I'm Ed Gordon, and this is NEWS & NOTES.

Tomorrow, voters in Oakland, California go to the polls to help whittle down the list of candidates running for mayor.

Former Congressman Ron Dellums, best known as an anti-war crusader, leads the field of six candidates. It was long thought that Dellums would walk away with the election, but as NPR's Richard Gonzales reports, Dellums' bid for City Hall hasn't been as easy as many had predicted.

RICHARD GONZALES reporting:

No one has ever lost money betting on the ability of Ron Dellums to fire up a hometown crowd.

Mr. RON DELLUMS (Mayoral Candidate, Oakland, California): My vision is Oakland as a model city, where we embrace the strength of Oakland, which lies in the diversity of its people; where we have the audacity and the courage and the will to turn around and address all of our problems.

GONZALES: The event, a candidate's debate.
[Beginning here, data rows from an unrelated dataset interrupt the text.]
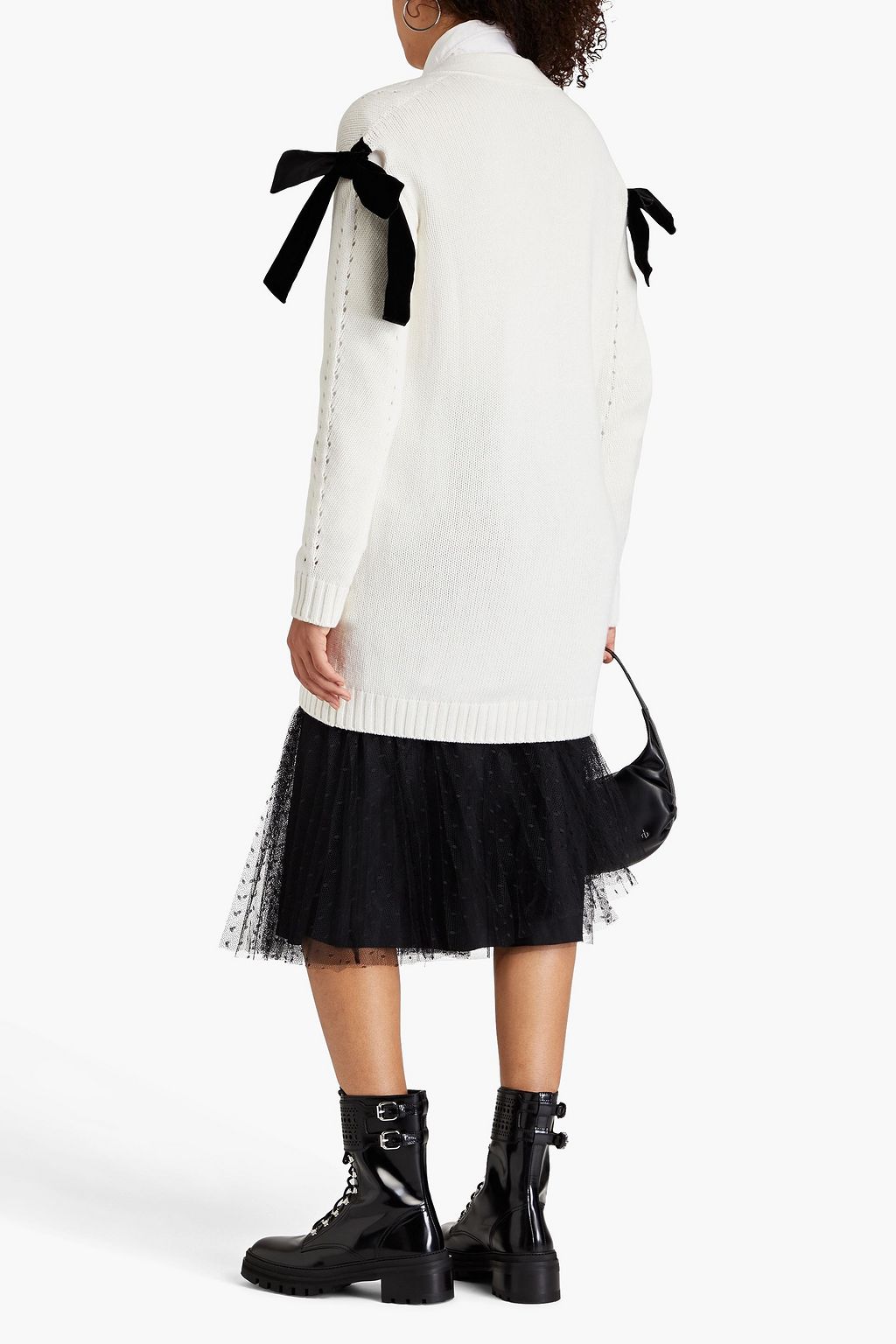 REDVALENTINO كارديغان مصنوع من نسيج بحبكة بوانتيل ومزين بربطة بشكل فراشة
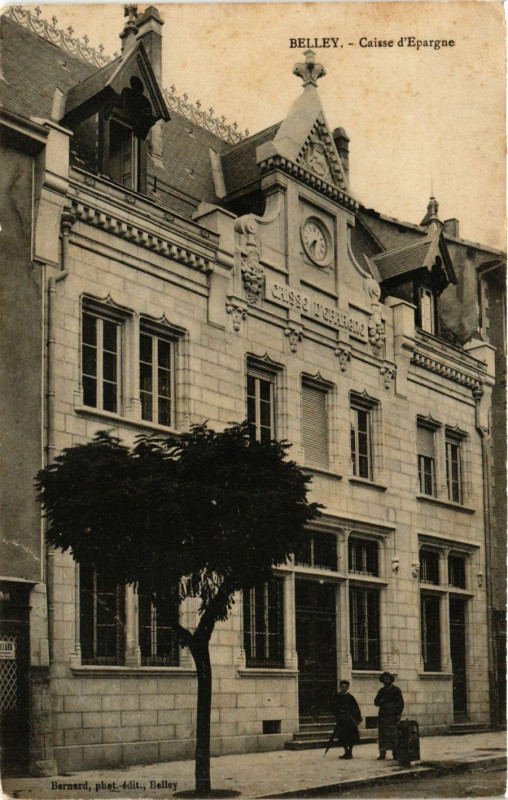 Carte postale ancienne Belley Caisse d'Epargne à Belley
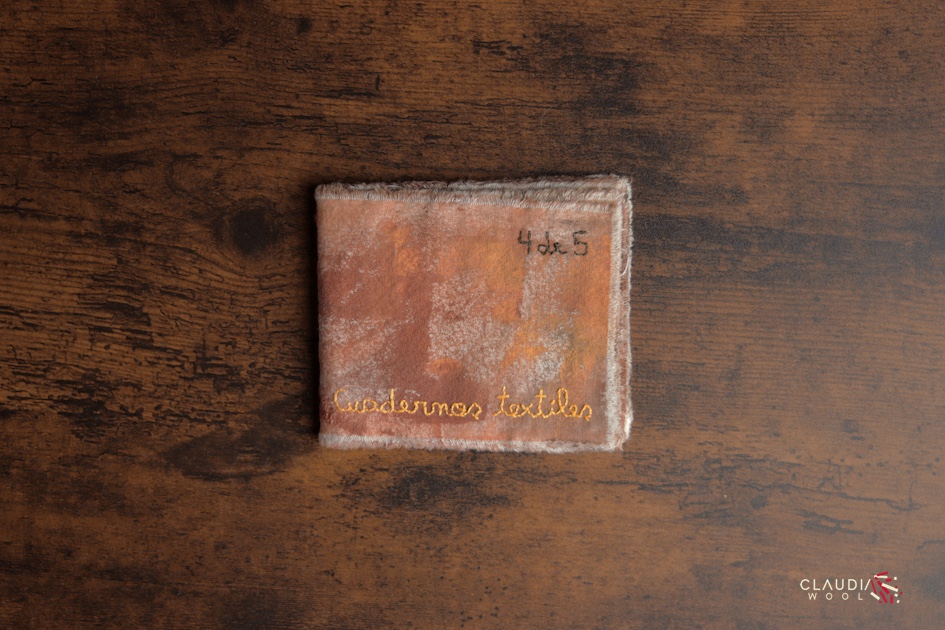 Portada Cuaderno textil Nº4 Claudia Wool - artista textil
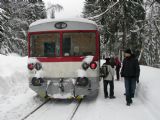 21.01.2012 - Harrachov: 810.543-3 jako Os 25453 Harrachov - Jelenia Góra a Karel s polským kolegou © PhDr. Zbyněk Zlinský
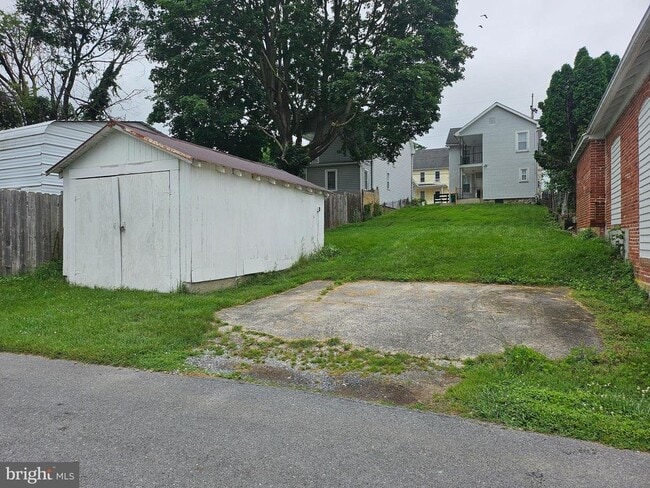 Building Photo - 258 Ringgold St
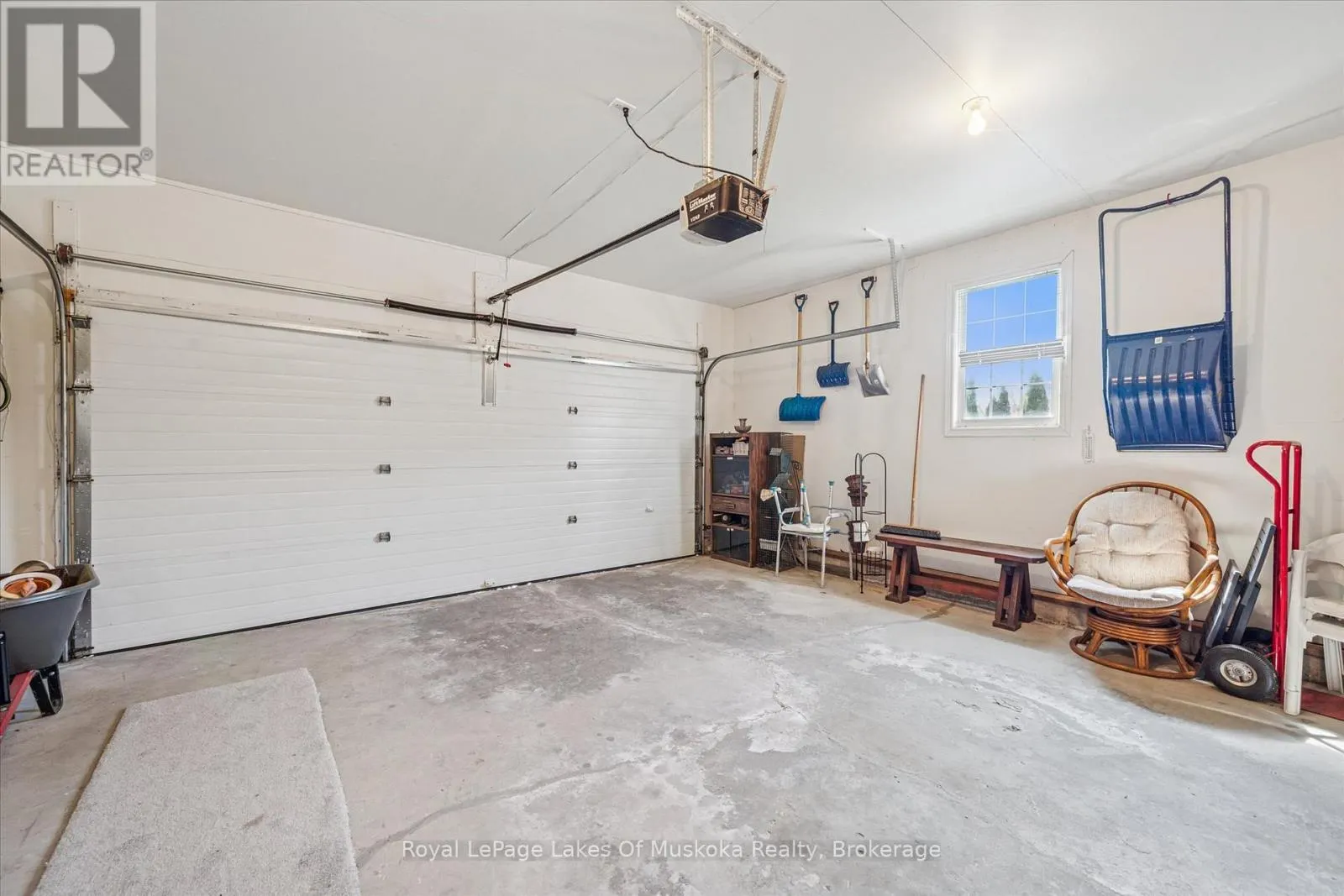 7 INVERARAY COURT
The audience, multiethnic, interfaith, working class and starving for action on their troubled schools, rising homicide rate and lack of affordable housing.

Mr. DELLUMS: Let's collaborate, coordinate and communicate across public lines. Oakland is a magnificent city. We can go forward. We can solve the problems. I'm absolutely confident that we can.
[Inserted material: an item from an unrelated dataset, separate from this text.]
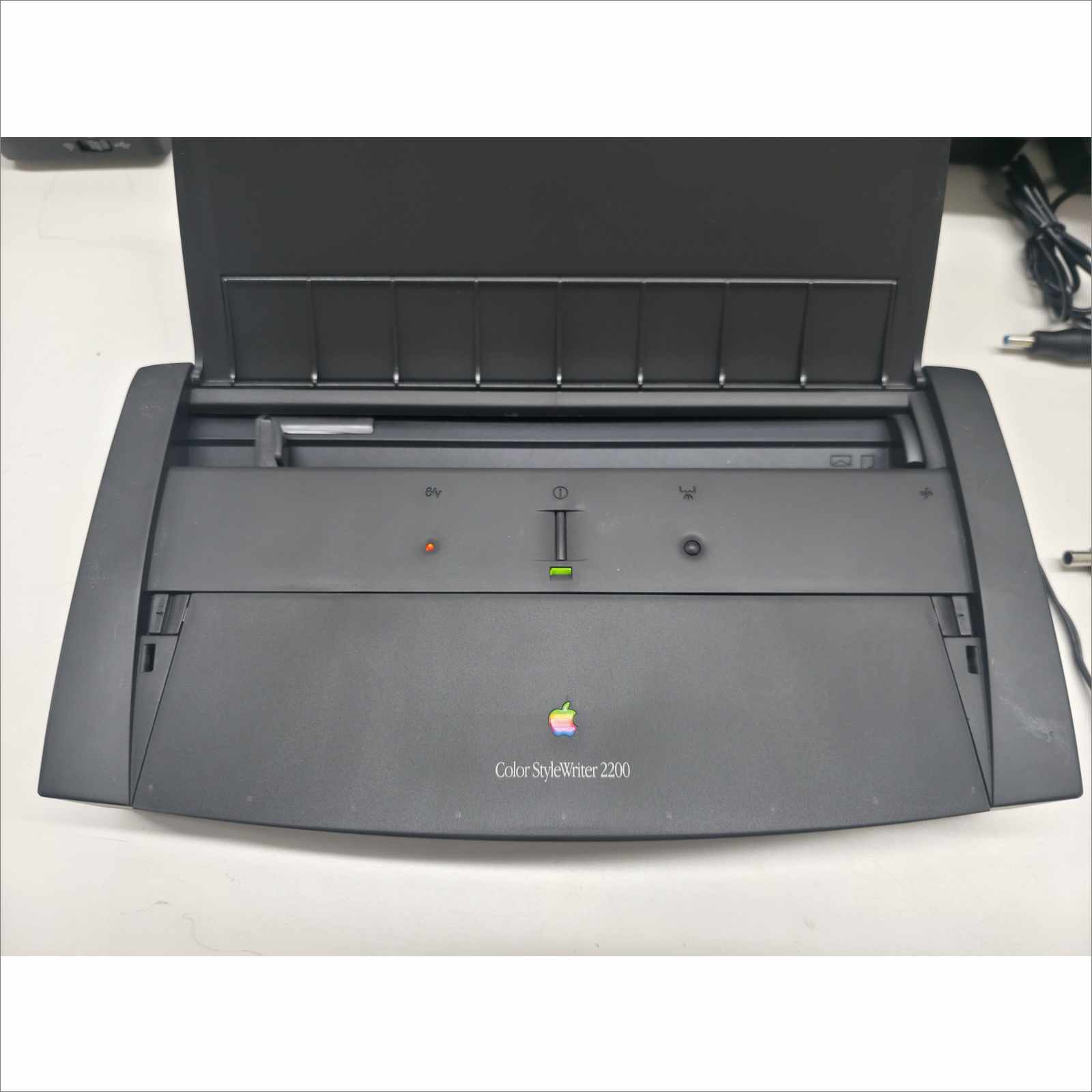 Apple Color StyleWriter 2200 Vintage Inkjet Printer - Power on test only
(Soundbite of cheering and applause)

Unidentified Woman: Thank you, Mr. Dellums.

GONZALES: Dellums was a reluctant candidate. He had to be lured back to Oakland from Washington, where he had spent the last several years as a lobbyist. Some suggested that Dellums was coming home to a coronation. Instead, he faces a stiff challenge from two city council members who stress that they are more familiar with Oakland's present-day problems.

One is Council President Ignacio De La Fuente.

Mr. IGNACIO DE LA FUENTE (Council President, Oakland City Council; Mayoral Candidate, Oakland, California): I understand the challenges that we have. And it's easy to talk about everything, and we'll do everything.

GONZALES: De La Fuente is a Mexican immigrant who started as a dishwasher and rose to the second most powerful position in the city. He moonlights as a labor leader, enjoys the endorsement of the Chamber of Commerce and has a reputation for getting things done.

Mr. DE LA FUENTE: The fact is the mayor of the city is responsible for the basics. We have to make every school a good school. We have to make sure that you safe in the cities that you live in, the streets that you live in, the neighborhood that you live in. That you are able to walk the streets, go to the store, enjoy what Oakland is all about.

GONZALES: Dellums' other main challenger is Nancy Nadel, a white city councilwoman who represents mostly black west Oakland.

Ms. NANCY NADEL (Councilwoman, Oakland City Council; Mayoral Candidate, Oakland, California): My name, Nadel, means needle. I consider myself a political acupuncturist. My job is to put that needle in the stuck systems and get the energy flowing in the city. We can all do that together, and I look forward to being your first woman mayor.

(Soundbite of cheering and applause)

Unidentified Woman: Thank you very much, thank you.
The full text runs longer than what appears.